Testing network configurations using Batfish, Pandas and pytest

Recently, I started looking into testing and validating network configurations leveraging Batfish, Pandas and pytest. Doing something with Batfish has been on my to-do list for quite a while. After playing with it, I can say it is a real pity I did not start using this tool earlier.

Batfish

This article aims to explain the basics of Batfish and how it can be leveraged during CI. After this, I will cover a bit of Pandas so you can work with the data that is produced by Batfish and I will finish up writing some unit tests using pytest. Code samples are available in a repo on Github, right here.

Batfish overview

The ‘why’ Batfish according to Batfish:

Batfish is a network validation tool that provides correctness guarantees for security, reliability, and compliance by analyzing the configuration of network devices. It builds complete models of network behavior from device configurations and finds violations of network policies (built-in, user-defined, and best-practices).

The idea is to analyze the configurations before deploying them. So your configuration files or changes are created, you can use Batfish as a tool to provide additional ‘correctness guarantees’. The areas in which Batfish can help are:

configuration audits, verifying things are configured properly
ACL and firewall analysis
routing and forwarding analysis
reachability analysis

Batfish components

There are two main components to Batfish:

Batfish service: the software that analyzes the configurations
Batfish client: the pybatfish Python client that allows users to interact with the Batfish service.

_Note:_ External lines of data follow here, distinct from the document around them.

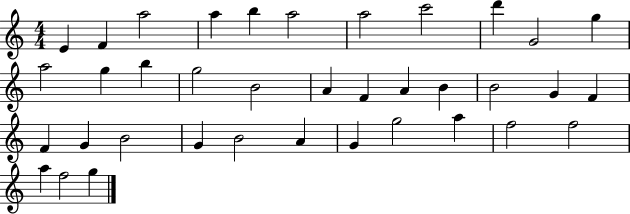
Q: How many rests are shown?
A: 0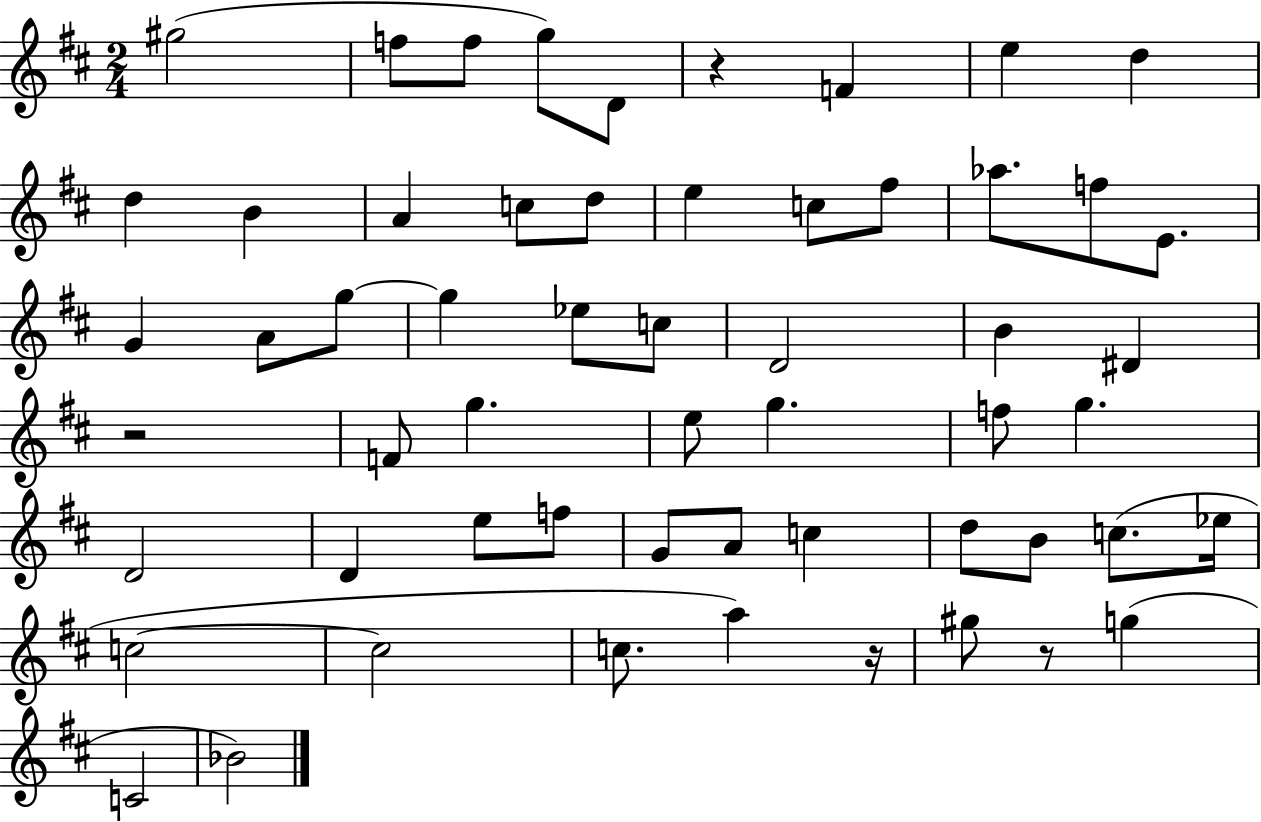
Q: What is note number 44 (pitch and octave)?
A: C5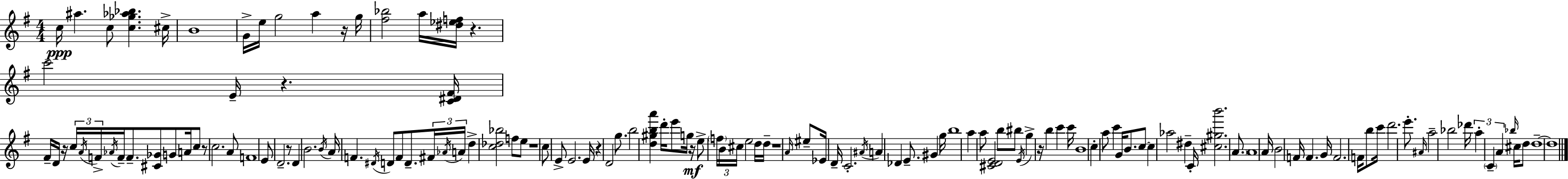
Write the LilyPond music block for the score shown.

{
  \clef treble
  \numericTimeSignature
  \time 4/4
  \key g \major
  \repeat volta 2 { c''16\ppp ais''4. c''8 <c'' ges'' aes'' bes''>4. cis''16-> | b'1 | g'16-> e''16 g''2 a''4 r16 g''16 | <fis'' bes''>2 a''16 <dis'' ees'' f''>16 r4. | \break c'''2 e'16-- r4. <c' dis' fis'>16 | fis'16-- d'16 r16 \tuplet 3/2 { c''16 \acciaccatura { a'16 } f'16-> } \acciaccatura { aes'16 } f'16-- f'8.-- <cis' ges'>8 g'8 a'16 | c''8 r8 c''2. | a'8 f'1 | \break e'8 d'2.-- | r8 d'4 b'2. | \acciaccatura { b'16 } a'16 f'4. \acciaccatura { dis'16 } d'8 f'8 d'8.-- | \tuplet 3/2 { fis'16 \acciaccatura { aes'16 } a'16 } d''4-> <c'' des'' bes''>2 | \break f''8 e''8 r1 | c''8 e'8-> e'2. | e'16 r4 d'2 | g''8. b''2 <d'' gis'' b'' a'''>4 | \break d'''16-. e'''8 g''16 r16\mf e''8-> \tuplet 3/2 { \parenthesize f''16 b'16 cis''16 } e''2 | d''16 d''16-- r1 | \grace { a'16 } eis''8-- ees'16 d'16-- c'2.-. | \acciaccatura { ais'16 } a'4 des'4 e'8.-- | \break gis'4 g''16 b''1 | a''4 a''8 <cis' d' e'>2 | b''8 bis''8 \acciaccatura { e'16 } g''4-> r16 b''4 | c'''4 c'''16 b'1 | \break c''4-. a''8 c'''4 | g'16 b'8. c''8~~ c''4 aes''2 | dis''4-- c'16-. <cis'' gis'' b'''>2. | \parenthesize a'8. a'1 | \break a'16 b'2 | f'16 f'4. g'16 f'2. | f'16 b''8 c'''16 d'''2. | e'''8.-. \grace { ais'16 } a''2-- | \break bes''2 des'''16 \tuplet 3/2 { a''4-. \parenthesize c'4-- | a'4 } \grace { bes''16 } cis''16 d''8 d''1--~~ | d''1 | } \bar "|."
}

The Batfish service can be run in a container and the Batfish client feeds the service with all the required input data:

Batfish overview

The fact that Batfish does not require device access makes it particularly easy to integrate it into whatever automation tools already in place.

After receiving the configurations, the Batfish service will parse them. It then produces structured and vendor agnostic data models to represent the configurations. When the service is done generating the models, you can start using the client to ask the service ‘questions’. When the client is used to ask a question, the service will generate a repsonse in the form of a Pandas DataFrame:

Batfish

These data models that the Batfish service builds for you are a real treasure trove. They can be put to good use for all sorts of scenario’s:

verify the state of the network configuration during CI and prior to any actual deployment
feeding the data models to other (micro-)services to enhance their insights into the network, e.g.:
- have the monitoring system better understand what constructs exist and should be monitored (BGP sessions for instance)
- feed the models into a service that exposes the models for other applications to consume
making assertions against different snapshots for pre- and post-change validations

Creating a snapshot and asking some questions:

Let create a snapshot and have a look at the data models. First, we start the container with the batfish service:

docker pull batfish/allinone
docker run --name batfish -v batfish-data:/data -p 8888:8888 -p 9997:9997 -p 9996:9996 batfish/allinone

We also install the relevant Python dependencies (using pipenv in this example):

git clone https://github.com/saidvandeklundert/batfish.git
cd batfish
python -m pipenv check
python -m pipenv update
python -m pipenv shell

From the same directory, we start an ipython session and then run the following:

from pybatfish.client.session import Session
from pybatfish.datamodel import *
from pybatfish.datamodel.answer import *
from pybatfish.datamodel.flow import *

SNAPSHOT_DIR = "snapshots/"
SNAP_SHOT_NAME = "example_snap_new"
SNAP_SHOT_NETWORK_NAME = "example_dc"


bf = Session(host="localhost")
bf.set_network(SNAP_SHOT_NETWORK_NAME)
bf.init_snapshot(SNAPSHOT_DIR, name=SNAP_SHOT_NAME, overwrite=True)
bf.set_snapshot(SNAP_SHOT_NAME)

The bf variable is a pybatfish client session that is used for all further interactions with the service.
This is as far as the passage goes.